I've owned a P2000SK .40 LEM, was a very nice gun. easy to conceal to. get it - you won't be sorry.


----------



## Blkhawk73 (Sep 2, 2006)

I own a 9mm SK. Bought as a range/fun gun mostly. Using the right holseter/belt it would make a great CCW I think. Mine's very accurate within the range of it's intended useage and one of THE most comfortable pistols I've held. :smt023


----------



## jason0007 (Nov 21, 2006)

Blkhawk73 said:


> I own a 9mm SK. Bought as a range/fun gun mostly. Using the right holseter/belt it would make a great CCW I think. Mine's very accurate within the range of it's intended useage and one of THE most comfortable pistols I've held. :smt023


what type of holster do u have for the p2k?


----------



## Blkhawk73 (Sep 2, 2006)

jason0007 said:


> what type of holster do u have for the p2k?

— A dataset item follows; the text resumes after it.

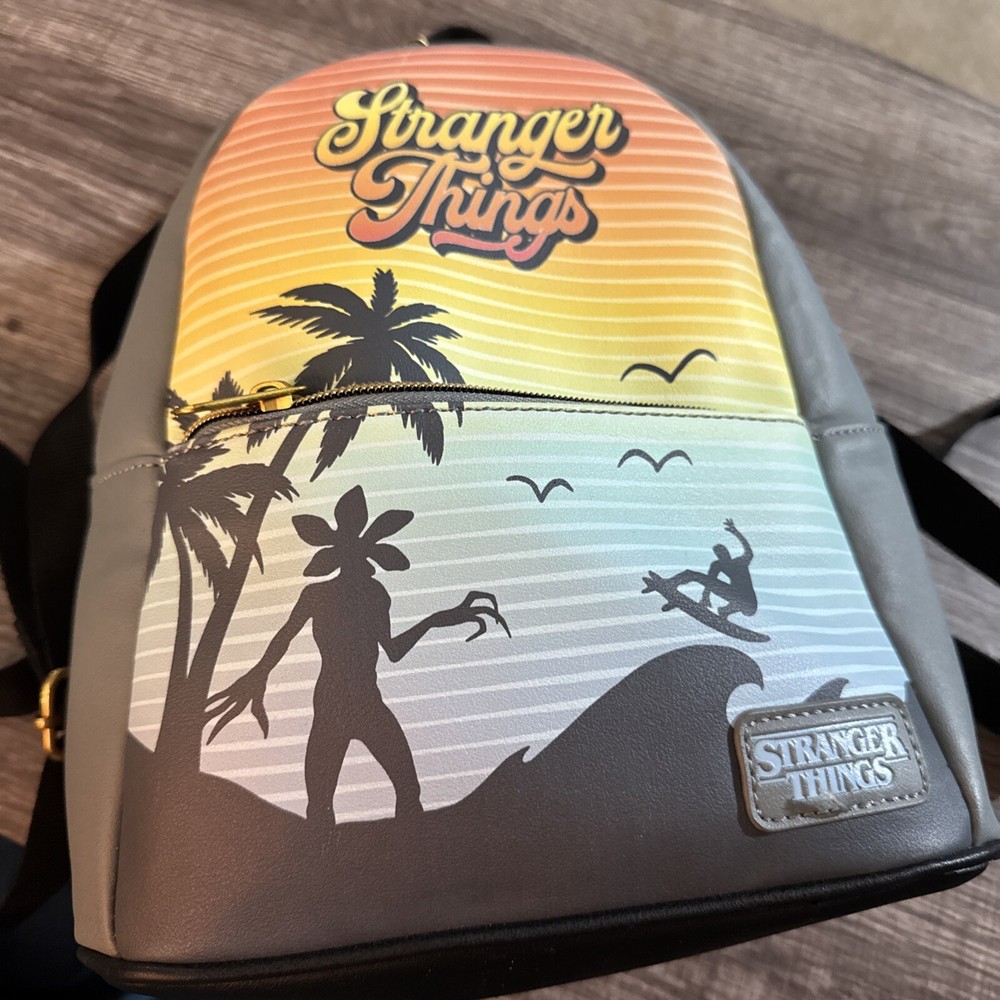 Stranger Things Demogorgon Surfer Exclusive Funko Pop Mini Backpack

 None currently as I don't use that for a carry gun. I am planning to get a holster for it. It'll very likely be something from Mitch Rosen as the majority of my leather is from him. Haven't decided on the model holster yet though. Won't worry bout that for a while since my current carry gun, a SP101, is just fine and I have a P7M8 as an alternative.


----------



## Funyet (Jan 2, 2007)

*9mm P2000sk V3*

I have a P2000sk. At first I really didn't like it because of the cramped (at least with my hand) grip. I tired flat baseplates and they tended to pinch my finger when a shot was fired. I was going to sell it but decided to give it a few more tries and figured out how to grip it. It's now one of my favorites. The grip is a bit longer than that of a Glock 26. I have a Bullman IWB holster that fits it pretty well. I have a FIST IWB on order.


----------